If you’ve read about the Time Hacker Method (THM) you may have wondered why 15 minutes was chosen for the length of a micro-task. Why not 45 minutes or an hour? Isn’t 15 minutes just too short to complete a meaningful task?
This is where time hacking takes a turn. We humans experience time from our own perspectives and the concept of shared time is inaccurate at best. The effects of this are well documented by researchers in the field of time perception — a branch of study in psychology and neuroscience.
All of us can relate to differences in time perception. Whether it’s little Timmy repeatedly asking “are we there yet?” on the family road trip, or co-workers wondering how we ever find time to continuously crush it. Or when time seems to fly while we’re having fun. Clearly, time does not appear to be the same for questioner as for the questionee.
The truth is that we view time through the lens of our perceptions and emotions. Because of this, time can be seemly hacked. Just remember there is no spoon. Then you’ll see that it is not the spoon that is bending — it is only yourself.
I can share a brief personal example.
The game of Chess is generally considered to be a slow game — which requires deep thought in order to be well played.
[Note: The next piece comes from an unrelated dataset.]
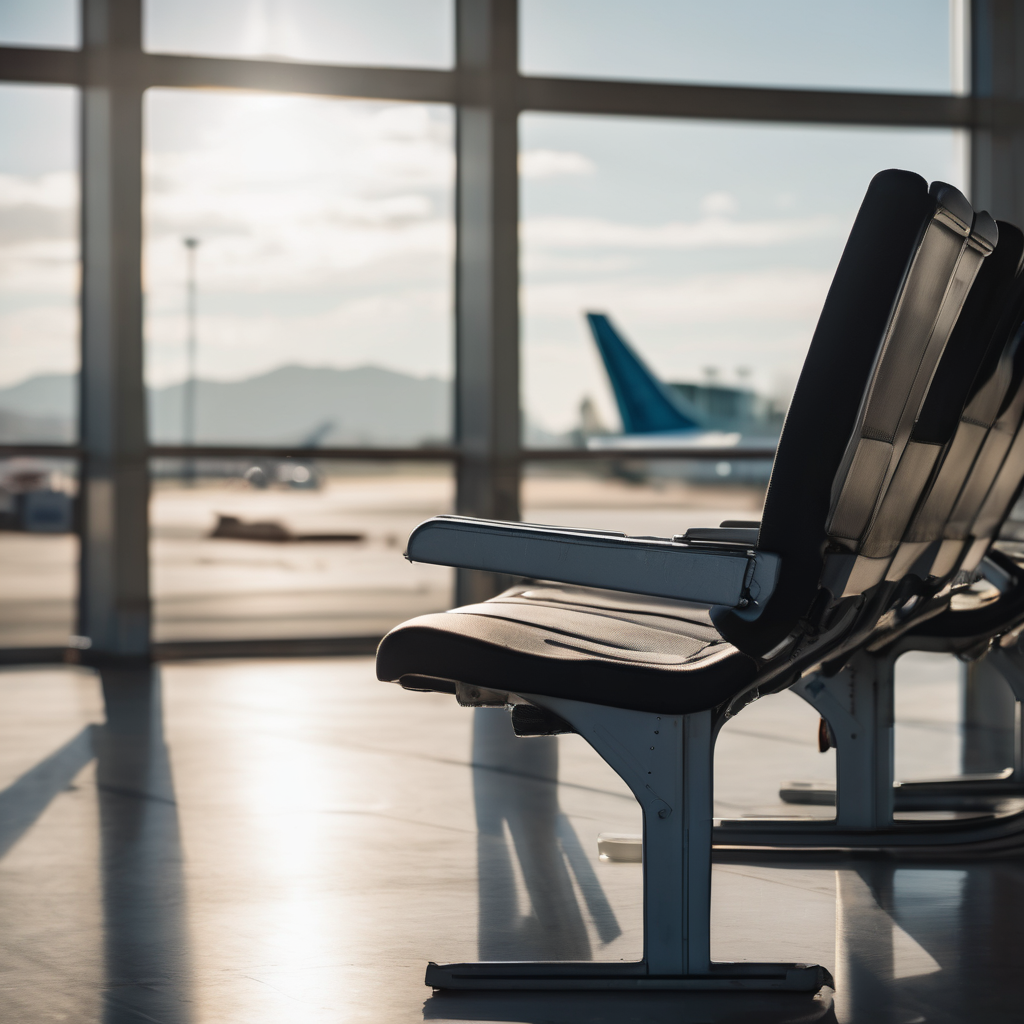 Kenya Aviation Strike Triggers Flight Delays and Travel Disruptions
I’ve enjoyed playing chess for most of my life and particularly enjoy speed chess where each player has five minutes in order to complete all of their moves. Contrast that with the 2–3 minutes per move in a standard tournament game and the thought of having only a dozen or so minutes to play an entire game seems absurd.
The thing I enjoy most of about speed chess is the momentary flash of insight where you’re able to see a string of moves leading to a win. I’m amazed by how much one can see in such a brief amount of time. After such a game, players can be overheard speaking about motives, plans, themes, changes in landscape and missed opportunities.
How is it that 10 minutes (five minutes per player) is enough time to complete an entire game of chess? And why does time seem to slow down for chess players, martial artists and other athletes? The reason, science tells us, is that when we’re highly focused on a task our minds are able to process more information during that time. This, in turn, results in a perception that time slows or that there’s more available time.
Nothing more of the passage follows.